Chakib Benmoussa était-il en mission commandée d’explication ? Certainement pas puisque lui-même précise que c’est à la demande de l’ambassadrice qu’il lui a fait son rapport. A-t-il consulté auparavant et est-il dans ses attributions de président de la Commission d’en rendre compte à des chancelleries étrangères, quand bien même seraient-elles amies ? P’t-être qu’ oui, p’t-être qu’ non. Toujours est-il que sa sortie n’a fait qu’attiser les flammes, tellement que l’on pourrait croire qu’il y avait pas mal de monde qui l’attendaient au tournant.
S’apercevant que la lapidaire « clarification » du tweet est insuffisante, il gratifie la galerie d’une « exclusivité » dans Medias24 pour livrer une explication de texte et faire l’instit en herbe sur le rôle des diplomates et les usages diplomatiques.
Sans aller chercher midi à l’heure française, dans cet impair c’est parole contre parole.
Ou c’est l’ambassadrice parlant de « point d’étape », qui dit vrai et c’est à Chakib Benmoussa de rendre des comptes auprès de qui de droit.

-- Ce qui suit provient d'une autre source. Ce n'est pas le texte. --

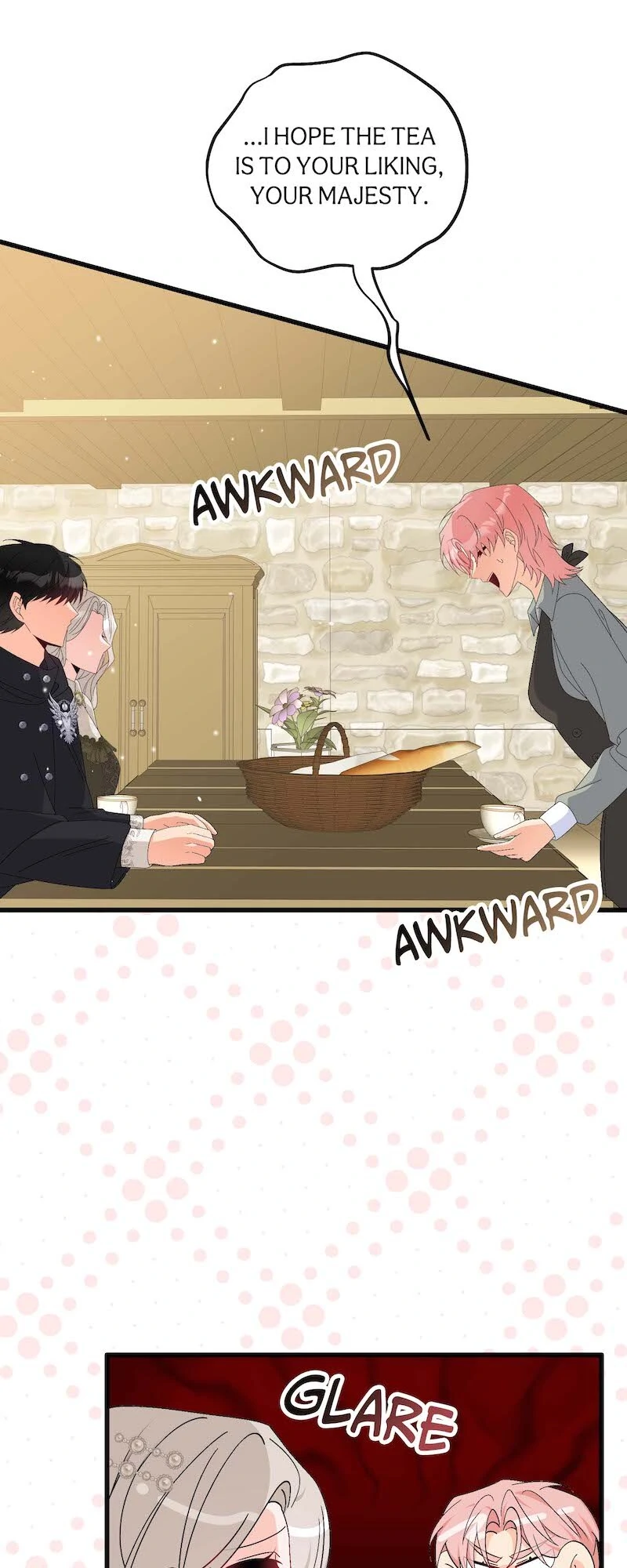 Survival of a Tyrant's Secretary Chapter 67 - page 25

Ou c’est le président de la CSMD plaidant un banal échange à la demande de l’ambassadrice, qui est de bonne foi. On est alors dans une configuration où transparait en filigrane comment la représentante de la France perçoit sa relation au Maroc et aux Marocains. Si ce que l’on subodore chez Hélène Le Gal se vérifie, il faut croire que Maghreb Intelligence s’est trompé en en faisant une « adepte de Lyautey » dont elle n’a visiblement pas une bonne connaissance. C’est au Maréchal Juin qu’il devrait l’apparenter.
En un mot, on est dans le cas d’école des convenances diplomatiques où une tournure de phrase transforme ce qui pourrait n’être qu’un malentendu en sous-entendu.
En consultant Wikipédia pour voir comment Hélène Le Gal narre sa biographie, on se retrouve en présence d’une diplomate chevronnée. En principe. Une longue et riche carrière sur trois continents, accumulant postes et expériences. Pendant la longue crise maroco-française à la suite de la tentative d’interpellation en février 2014 du patron de la DGST, Abdellatif Hammouchi, à la résidence de l’ambassadeur du Maroc à Paris, elle est aux premières loges, en sa qualité de Madame Afrique du président François Hollande, suffisamment pour en tirer des leçons et des conclusions. Elle n’en a, selon toute vraisemblance, retenu que les mauvaises. De l’ère préinternetique, elle a pourtant cédé à la tweetérisation des rapports, ce qu’un ami appelle la lukelukilisation de la politique : Toute proportion gardée, comme Donald Trump, Hélène Le Gal, qui n’en est pas à sa première sortie de route, tweete plus vite que son ombre.